We stare at each other, ears pulsing with the echo of sudden silence, then run for the street.
Sarah, the fastest, gets there first and points. “They’ve gone to another entrance!”
“Why didn’t you tell me there was another entrance?” I shout at Luna.
The other door is locked, and we’re left pacing beside the red LAFD paramedic vehicle. The longer we wait, the more people gather on the street to gawk. Finally, finally, the door opens; three blue uniforms roll out a gurney, and there she is, strapped in with an oxygen mask over her face.
“Joy!” I push through the crowd, trying to get close.
“Back away,” an EMT snaps.
“I’m her best friend. Please. Can I come along?”
They shake their heads, but I’m desperate. Her eyes are closed. She’s not moving.
“Please,” I beg. “Please.”
They’re already lifting her into the patient compartment.
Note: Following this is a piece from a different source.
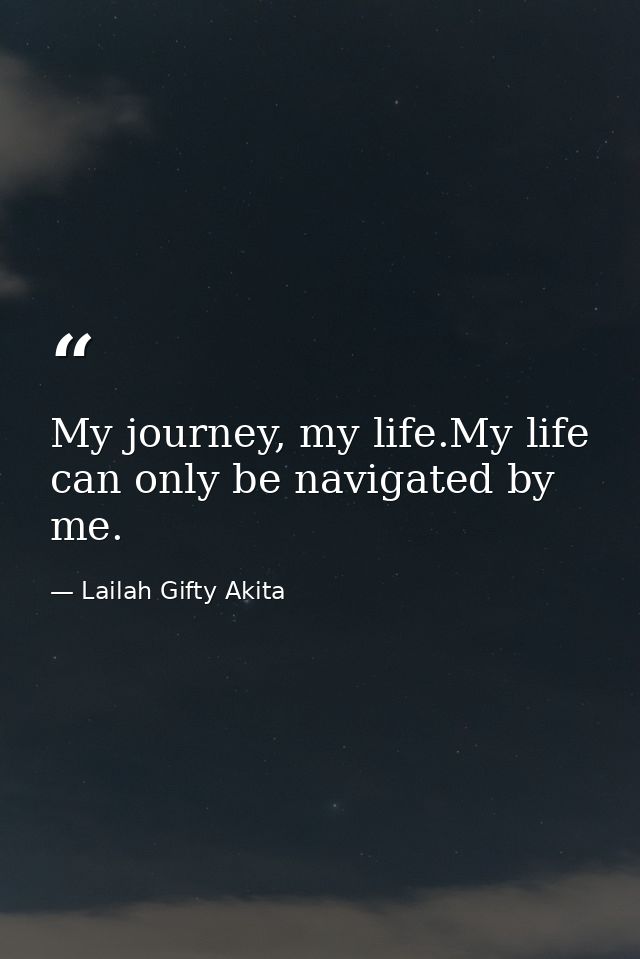 My journey, my life.My life can only be navigated by me. — Lailah Gifty Akita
One EMT, a white man with spiked hair, turns to Gloria, who watches from the concrete steps.
Gloria nods, and the EMT gestures for me to get in.
I have to sit in the front seat, and can’t see what’s happening in the back, but I’m grateful to be near her as we drive away, siren on.
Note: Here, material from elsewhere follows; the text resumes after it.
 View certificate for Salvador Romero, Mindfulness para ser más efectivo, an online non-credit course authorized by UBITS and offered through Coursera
“How is she?” I ask. “What happened? Is she going to be okay?”
“She’s hemorrhaging,” he says, “but she has a pulse.”
The words are rising dough in my brain, expanding to fill the space until there’s nothing else. Why is she hemorrhaging? A pulse. A pulse means she’s alive. Why is she hemorrhaging?
I ask for more but he concentrates on the road.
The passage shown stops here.